Indeed, he says, the richest collections of rock art in the Kimberley, Arnhem Land, Cape York Peninsula, are on sandstone.

Take the ochre painting of a giant emu-like bird found on the Arnhem Land plateau, which some believe could be 40,000 years old — as old as the paintings in Spain and Indonesia.

There is no dateable carbon from plants, charcoal or dust caught in the ochre pigment, says David.
And it's difficult to use a similar approach to that used on the limestone art so new methods need to be developed.

"It's very likely that there is something extremely old in Australia but it's just very hard to date," says David. "And there are very few people doing research on rock art."

David says there are hand stencils in some limestone caves in North Queensland that are believed to be more than 30,000 years old, and he hopes to be involved in dating these in the future.

Circumstantial evidence

The bottom line, says David, is that very little rock art anywhere in the world has been dated, including in Australia.

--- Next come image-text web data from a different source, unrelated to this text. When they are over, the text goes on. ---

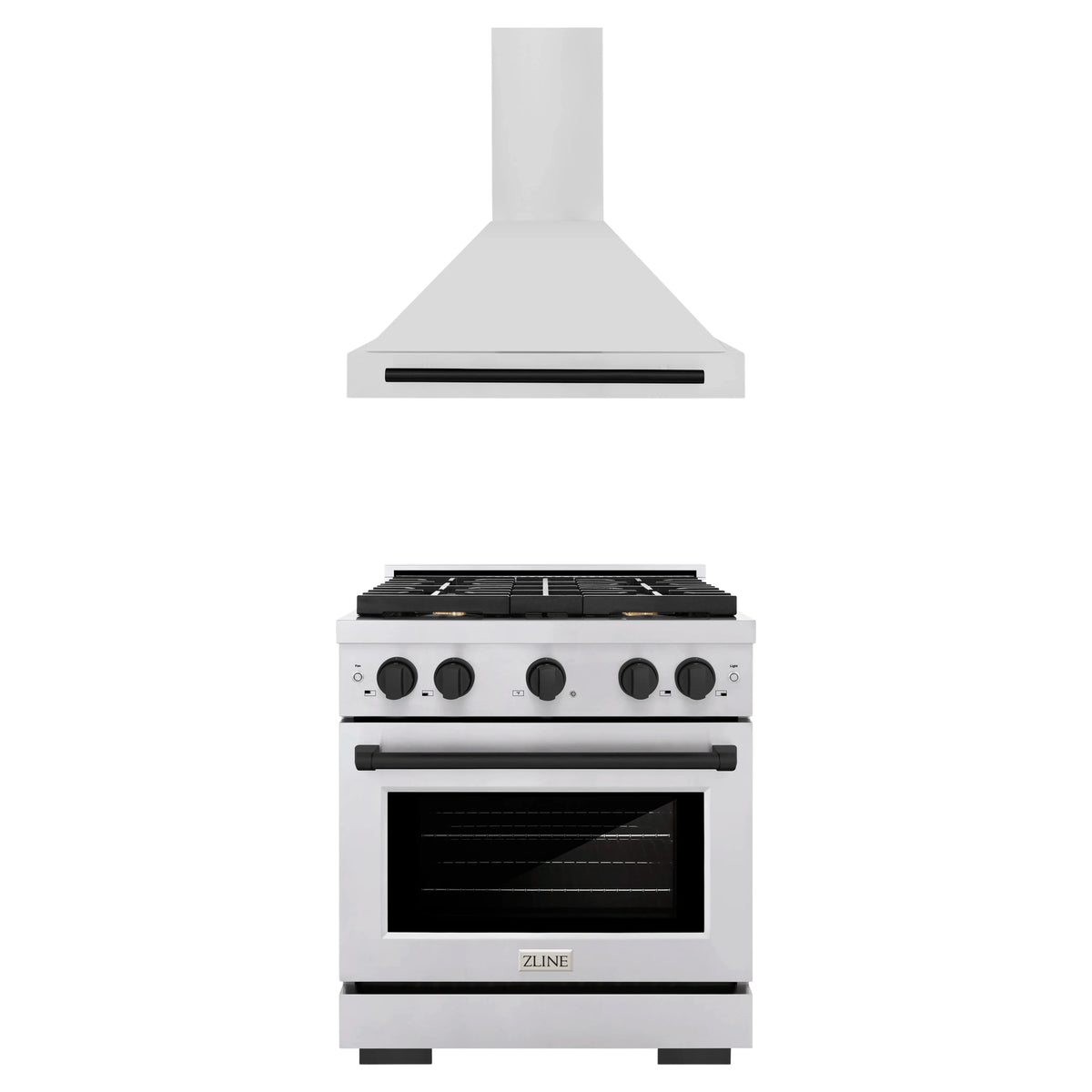 ZLINE Autograph Edition 2-Piece Appliance Package - 30-Inch Paramount Dual Fuel Range & Wall Mount Range Hood in Stainless Steel with Matte Black Accents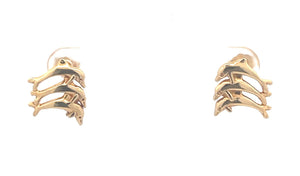 14K Jumping Dolphin Ocean Animal Stud Earrings Yellow Gold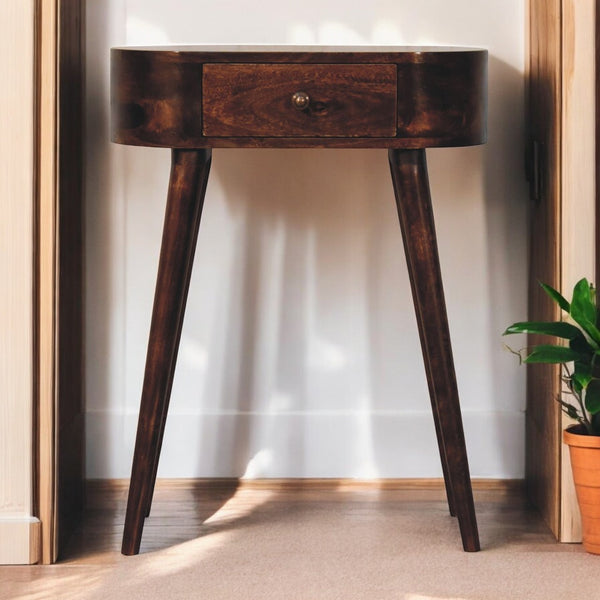 English Elm Solid Mango Wood Nightstand with Tapered Legs Scandinavian Walnut Bedroom Storage B182P279268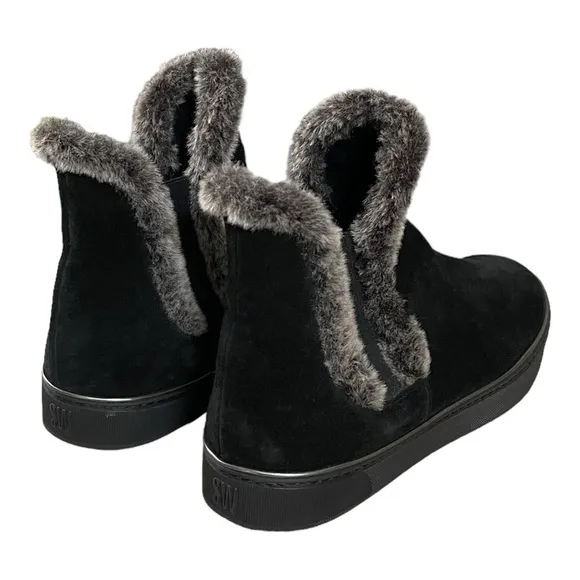 Stuart Weitzman Winter Suede Fur-Trim Ankle Boots | Size 9M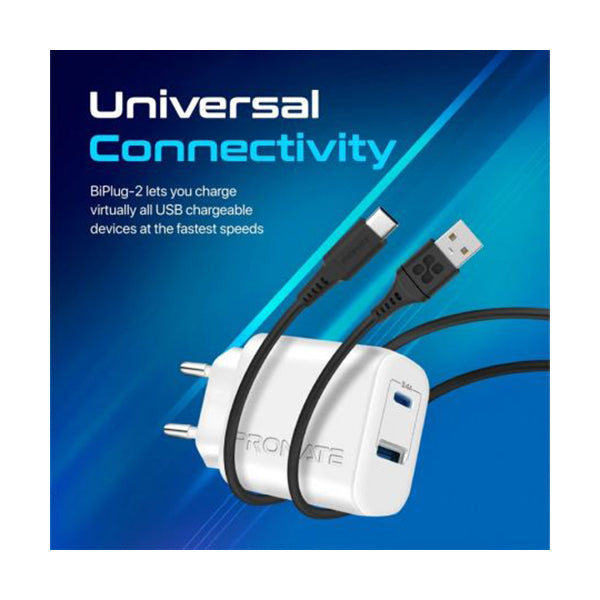 Promate, BIPLUG-2.EU 17W High-Speed Dual Port Charger
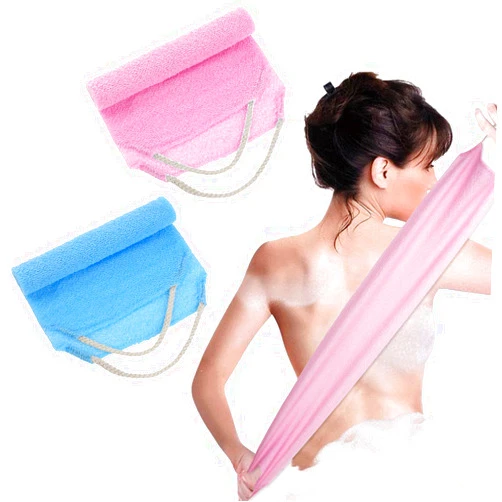 WY LIGHTING LEVEL 2Pcs Back Scrubber Body Bath Pull Strap Scrubber with Handles Nylon Exfoliating Washcloth Extended Length Washers Stretchable Shower Scrubber for Face Back Cleans Skin Massages Women Men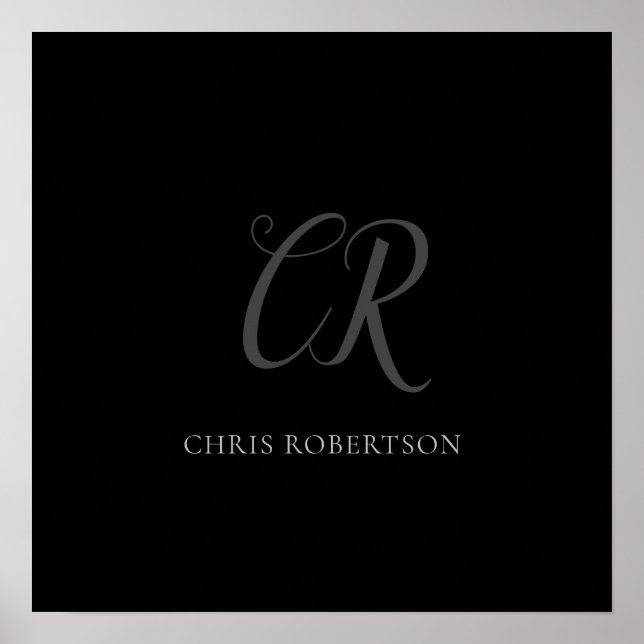 Poster Calligraphie Monogramme Nom Black Grey Cadeau pers (Devant)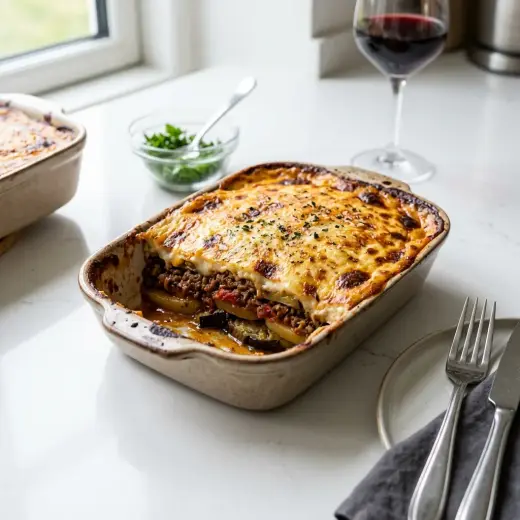 Valmis moussaka lampaalla tarjoiltuna herkullisesti kotikeittiön tapaan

But there remain a lot of hints and circumstantial evidence around to support the idea that Australia is in fact home to the world's oldest art.

Pillans, who studies the Burrup rock engravings, describes the giant bird painting on the Arnhem Land plateau as a "hint of older rock art".

Some researchers say the creature looks like Genyornis which is believed to have gone extinct at least 40,000 years ago.

"The people who drew that animal could only have seen it more than 40,000 years ago," says Pillans.
David emphasises it is still uncertain whether the bird is actually a Genyornis and points instead to ochre crayons that date to around 50,000 years ago.

"We don't have the [dated] art itself, but we've found the tools that were used to make the art. For that reason, we rightfully assume that Australia has pigment art going back to when people first came here which is close to 50,000 years ago."